Noise Cancellation in C++ and Rust: Phase 6 — Continuous Stream Pipeline

April 29, 2026 · Luciano Muratore

The Problem with Phase 5

Phase 5 delivered something significant — three ONNX models orchestrated correctly, real noise suppression working, voice clearly audible through the headphones. But listening carefully revealed two persistent problems.

The first was a recurring glitch. Every 35 milliseconds, at each chunk boundary, there was a brief shshshsh artifact — a discontinuity in the audio that made continuous speech sound fragmented. Say a long vowel like “aaaaaaa” and you could hear it chopped into pieces.

The second was voice loss. Speaking a full sentence, only about 85% of it came through. The rest was silence. Fast speech was particularly affected — syllables would simply disappear.

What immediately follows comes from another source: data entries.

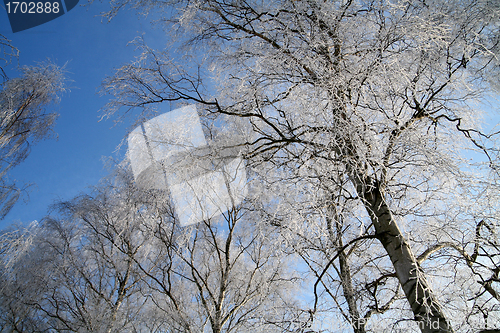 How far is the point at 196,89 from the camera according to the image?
2525 mm

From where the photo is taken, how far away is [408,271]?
6.57 feet

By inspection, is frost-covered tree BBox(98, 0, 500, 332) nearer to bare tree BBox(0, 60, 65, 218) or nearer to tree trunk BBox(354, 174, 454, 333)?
tree trunk BBox(354, 174, 454, 333)

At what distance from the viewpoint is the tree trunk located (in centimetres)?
177

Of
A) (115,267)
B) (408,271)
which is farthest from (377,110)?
(115,267)

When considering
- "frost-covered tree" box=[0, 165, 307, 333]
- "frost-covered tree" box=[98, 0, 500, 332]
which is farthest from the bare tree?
"frost-covered tree" box=[98, 0, 500, 332]

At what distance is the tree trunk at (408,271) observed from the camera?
177 cm

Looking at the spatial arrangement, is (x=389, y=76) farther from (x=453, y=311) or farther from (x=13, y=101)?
(x=13, y=101)

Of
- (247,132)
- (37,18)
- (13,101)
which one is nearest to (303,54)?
(247,132)

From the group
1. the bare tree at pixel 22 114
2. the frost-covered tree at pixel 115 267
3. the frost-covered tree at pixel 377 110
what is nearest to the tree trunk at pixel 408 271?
the frost-covered tree at pixel 377 110

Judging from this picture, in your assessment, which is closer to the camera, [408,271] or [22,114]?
[408,271]

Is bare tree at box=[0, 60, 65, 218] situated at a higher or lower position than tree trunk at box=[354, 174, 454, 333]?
higher

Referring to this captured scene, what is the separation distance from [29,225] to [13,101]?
4.46 m

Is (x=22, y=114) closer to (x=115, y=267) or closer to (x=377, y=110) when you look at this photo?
(x=115, y=267)

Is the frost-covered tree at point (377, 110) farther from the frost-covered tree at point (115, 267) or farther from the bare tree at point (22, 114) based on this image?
the bare tree at point (22, 114) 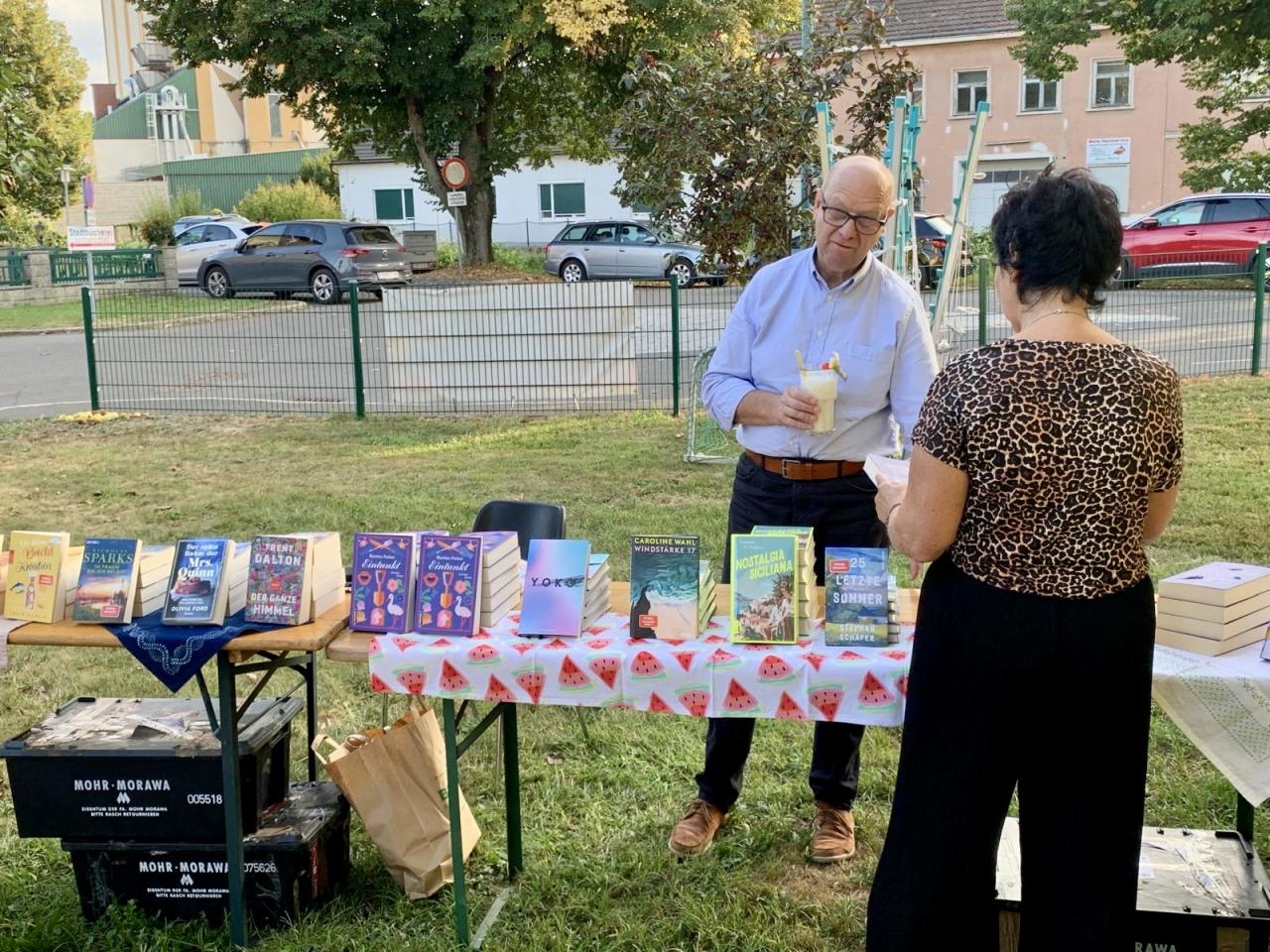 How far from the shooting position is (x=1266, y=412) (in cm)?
967

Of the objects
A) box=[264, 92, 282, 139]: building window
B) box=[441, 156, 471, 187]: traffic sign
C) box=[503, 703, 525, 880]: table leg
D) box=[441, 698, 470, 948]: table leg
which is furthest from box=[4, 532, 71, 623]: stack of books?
box=[264, 92, 282, 139]: building window

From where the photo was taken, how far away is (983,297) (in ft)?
34.7

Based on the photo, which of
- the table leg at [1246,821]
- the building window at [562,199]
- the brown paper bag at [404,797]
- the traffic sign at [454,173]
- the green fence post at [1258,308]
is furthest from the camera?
the building window at [562,199]

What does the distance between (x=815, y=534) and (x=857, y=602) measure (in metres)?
0.61

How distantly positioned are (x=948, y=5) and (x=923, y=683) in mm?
34062

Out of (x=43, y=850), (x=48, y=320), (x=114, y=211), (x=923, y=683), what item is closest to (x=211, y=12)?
(x=48, y=320)

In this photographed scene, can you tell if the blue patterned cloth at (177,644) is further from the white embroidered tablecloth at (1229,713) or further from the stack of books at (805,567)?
the white embroidered tablecloth at (1229,713)

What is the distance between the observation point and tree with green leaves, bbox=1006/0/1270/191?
1727 centimetres

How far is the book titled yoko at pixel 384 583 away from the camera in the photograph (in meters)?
3.07

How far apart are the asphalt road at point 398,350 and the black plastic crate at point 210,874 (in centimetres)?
727

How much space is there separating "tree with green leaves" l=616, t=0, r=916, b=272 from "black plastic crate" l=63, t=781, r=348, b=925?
5.49m

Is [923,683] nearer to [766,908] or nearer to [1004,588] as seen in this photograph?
[1004,588]

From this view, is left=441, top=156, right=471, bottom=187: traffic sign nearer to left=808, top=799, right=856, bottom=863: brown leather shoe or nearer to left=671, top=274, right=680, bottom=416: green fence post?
left=671, top=274, right=680, bottom=416: green fence post

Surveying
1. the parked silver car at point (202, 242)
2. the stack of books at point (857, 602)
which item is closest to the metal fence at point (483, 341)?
the stack of books at point (857, 602) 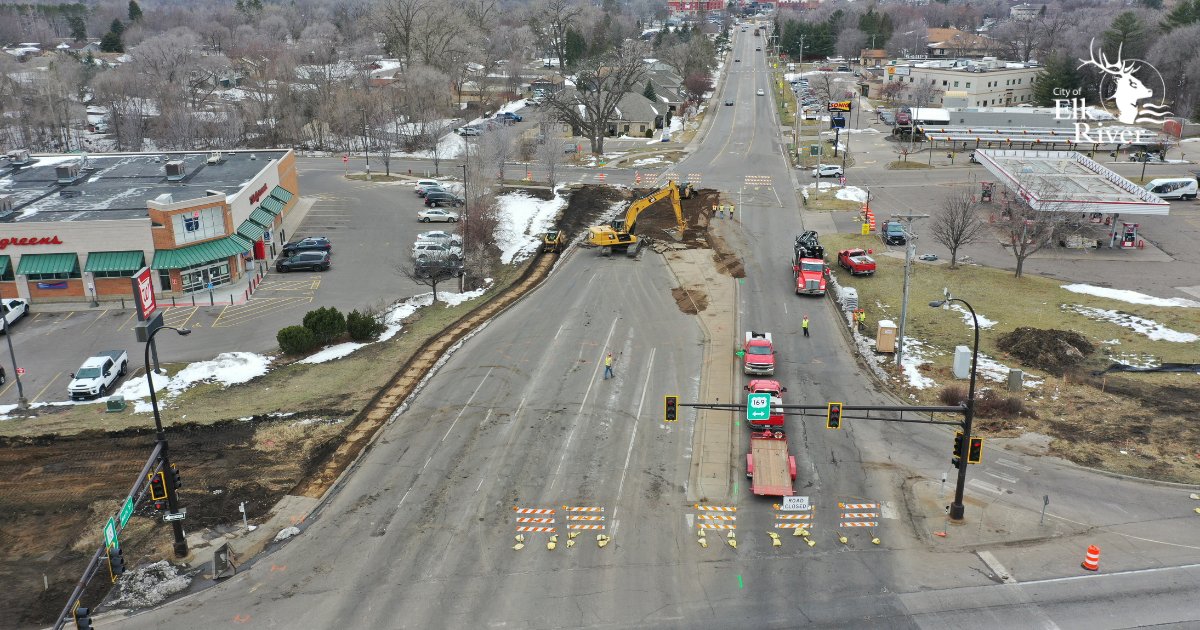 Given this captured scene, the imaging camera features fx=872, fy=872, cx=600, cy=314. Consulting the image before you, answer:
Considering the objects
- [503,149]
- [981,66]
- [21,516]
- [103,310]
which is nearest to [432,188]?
[503,149]

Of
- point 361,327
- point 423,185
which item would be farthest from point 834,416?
point 423,185

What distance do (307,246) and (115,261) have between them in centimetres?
1292

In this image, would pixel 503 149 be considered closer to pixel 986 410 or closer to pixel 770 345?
pixel 770 345

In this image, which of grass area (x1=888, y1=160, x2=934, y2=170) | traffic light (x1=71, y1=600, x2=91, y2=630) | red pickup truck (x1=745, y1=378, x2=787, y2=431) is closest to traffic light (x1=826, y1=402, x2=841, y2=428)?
Result: red pickup truck (x1=745, y1=378, x2=787, y2=431)

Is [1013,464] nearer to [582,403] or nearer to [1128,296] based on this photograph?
[582,403]

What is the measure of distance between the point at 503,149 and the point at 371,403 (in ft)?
157

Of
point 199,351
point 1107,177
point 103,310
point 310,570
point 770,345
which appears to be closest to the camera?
point 310,570

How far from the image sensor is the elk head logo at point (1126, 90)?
116 meters

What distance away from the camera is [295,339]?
44219 mm

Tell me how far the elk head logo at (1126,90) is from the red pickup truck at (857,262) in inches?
3145

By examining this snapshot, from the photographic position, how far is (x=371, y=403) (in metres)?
38.0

Both problems had the same root cause.


Why Per-Chunk Processing Breaks

The Phase 5 architecture processed each incoming chunk independently:

chunk in (1536 samples @ 44100 Hz)

    ▼ resample → ~1672 samples @ 48000 Hz

    ▼ split into 480-sample hops (3 complete hops = 1440 samples)

    ▼ process each hop

    ▼ resample output back → ~1307 samples @ 44100 Hz

    ▼ pad with zeros to 1536 samples

chunk out

The mathematics are against this approach. Upsampling 1536 samples from 44100 Hz to 48000 Hz produces approximately 1672 samples. Dividing by the hop size of 480 gives 3.48 — not a whole number. Only 3 complete hops can be processed. The remaining 232 samples are discarded, and the output is padded with zeros to reach the required 1536 samples. That padding is silence, and it accounts for the 15% voice loss.

The chunk boundary glitch has a different but related cause. The STFT inside DFState maintains internal overlap-add buffers between frames. These buffers carry state from one frame to the next — they are what makes the windowed FFT produce a continuous output rather than blocky segments. When Phase 5 restarted the processing loop for each new chunk, these buffers were effectively reset, creating a discontinuity at every boundary.


The Ring Buffer Solution

Phase 6 replaces the per-chunk approach with four continuous buffers that persist across the entire session:

ZeroMQ PULL
    │ 1536 samples @ 44100 Hz

[proc_buf_48] ← upsampled samples accumulate here continuously
    │ drain 480 at a time

process_frame() — enc → erb_dec → df_dec → ISTFT
    │ 480 enhanced samples @ 48000 Hz

[output_buf_44] ← downsampled samples accumulate here
    │ drain 1536 when ready

ZeroMQ PUSH

The key principle is that nothing resets between chunks. The upsampler runs continuously, feeding proc_buf_48. The processing loop drains complete 480-sample hops from proc_buf_48 whenever they are available. The output goes through the downsampler continuously into output_buf_44. When output_buf_44 has accumulated 1536 samples, they are drained and sent back to the C++ engine.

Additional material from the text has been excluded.